Urinary polyamine excretion as related to cell death and cell proliferation induced by carbon tetrachloride intoxication.

This study addresses the question whether urinary polyamine excretion is related to cell death or cell proliferation. CCl4 intoxication of the rat was used as the experimental model. Treatment with CCl4, a hepatotoxic haloalkane, produces an initial phase of liver cell death succeeded by a regenerative phase of growth, during which the liver is restored. The highest rate of putrescine (and spermidine) excretion occurred during the first 24 hr of CCl4 intoxication and coincided with the period of maximum liver damage. During subsequent liver regeneration the rate of excretion of both polyamines decreased.
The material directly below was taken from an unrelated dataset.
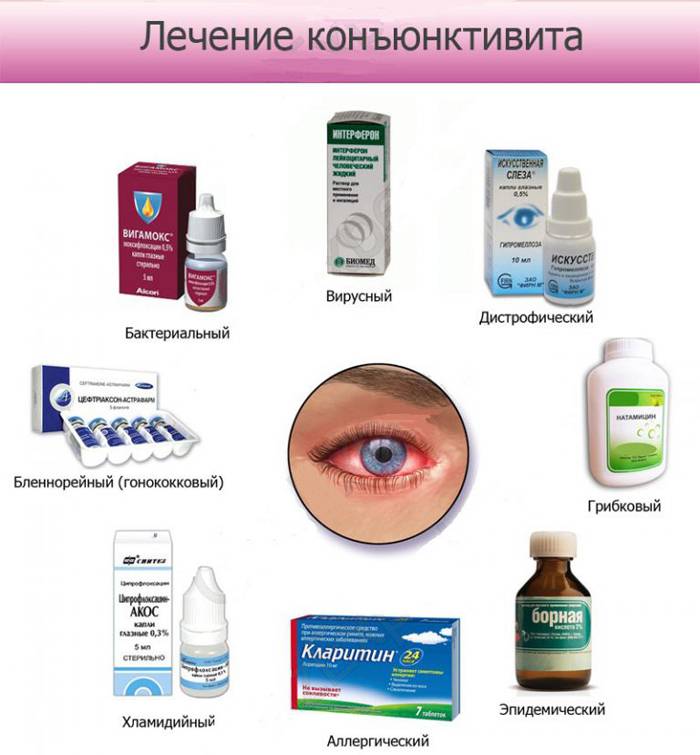 Конъюнктивит у кроликов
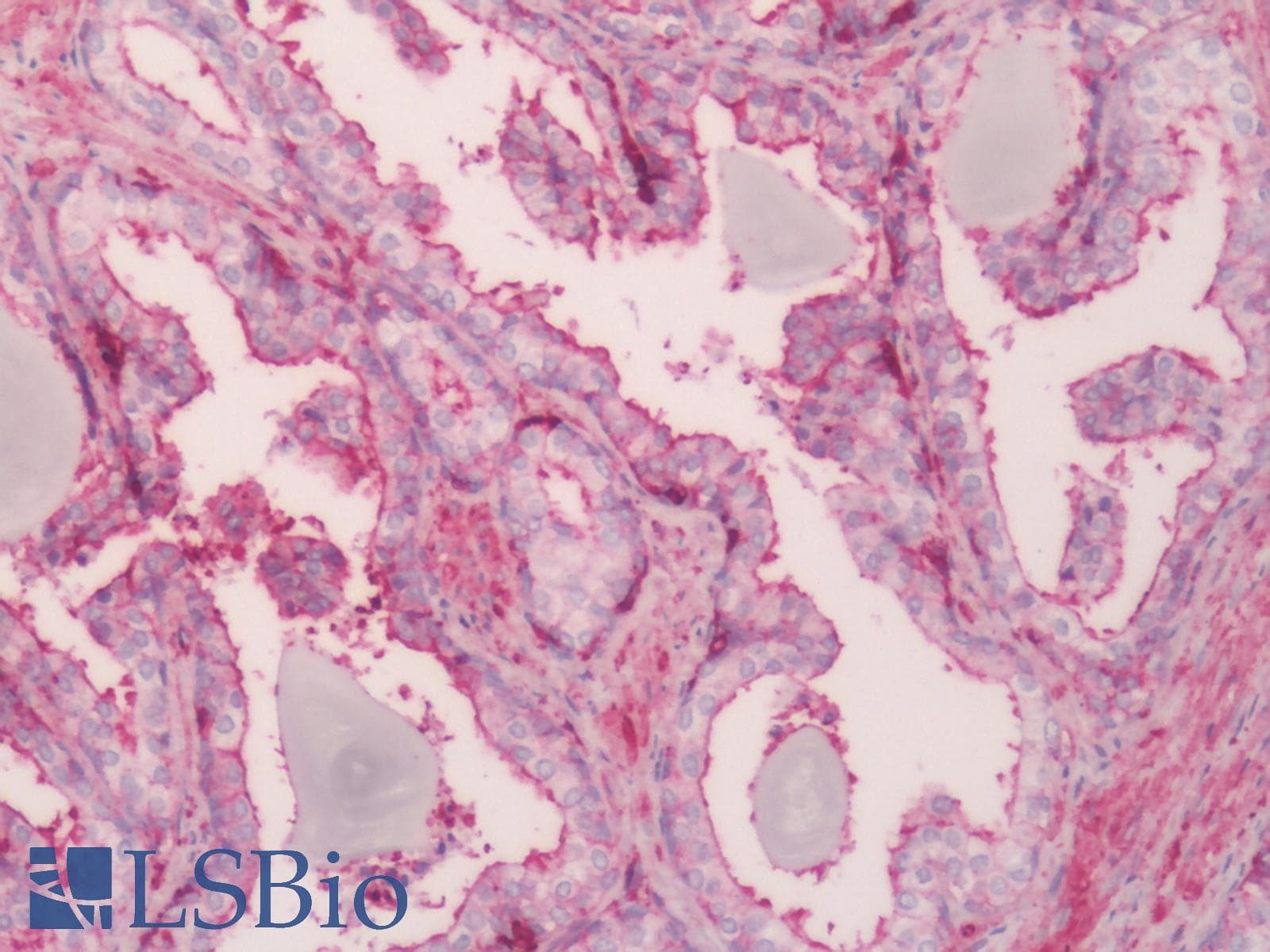 IHC-plus™ Monoclonal Mouse anti-Human ACTB / Beta Actin Antibody (clone 4C2, N-Terminus, IHC, IF, WB)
Urinary polyamine excretion during growth and regression of 1,12-dimethylbenz[a]anthracene-induced rat mammary carcinoma.

The correlation of urinary excretion of polyamines and tumor mass was examined with the use of a controlled experimental model. Mammary carcinoma growth was induced in Sprague-Dawley virgin rats by intragastric administration of 7,12-dimethylbenz[a]anthracene. Tumors were palpable after about 45 days. After a period of growth, regression of the estrogen-dependent tumors was induced by bilateral ovariectomy. Tumor volume and 24-hour urinary excretion of polyamines were measured during the course of tumor growth and regression. Urinary polyamines were analyzed after acid hydrolysis to determine the total amount of bound and free polyamines. Putrescine excretion followed closely the changes in tumor volume during the course of tumor growth and regression. Urinary spermidine excretion, however, remained essentially unchanged in ovariectomized rats; spermine was barely detectable in any of the urines. There was a high positive correlation between the 24-hour urinary putrescine excretion and urine volume. In nonovariectomized rats, the mammary tumor(s) continued to grow. An unexpected result of the advanced tumor progression was that urinary excretion of both putrescine and spermidine decreased steadily with time as did urine volume. This phenomenon may be due to the fact that complex disturbances of the host metabolism, manifested in decreasing body weight.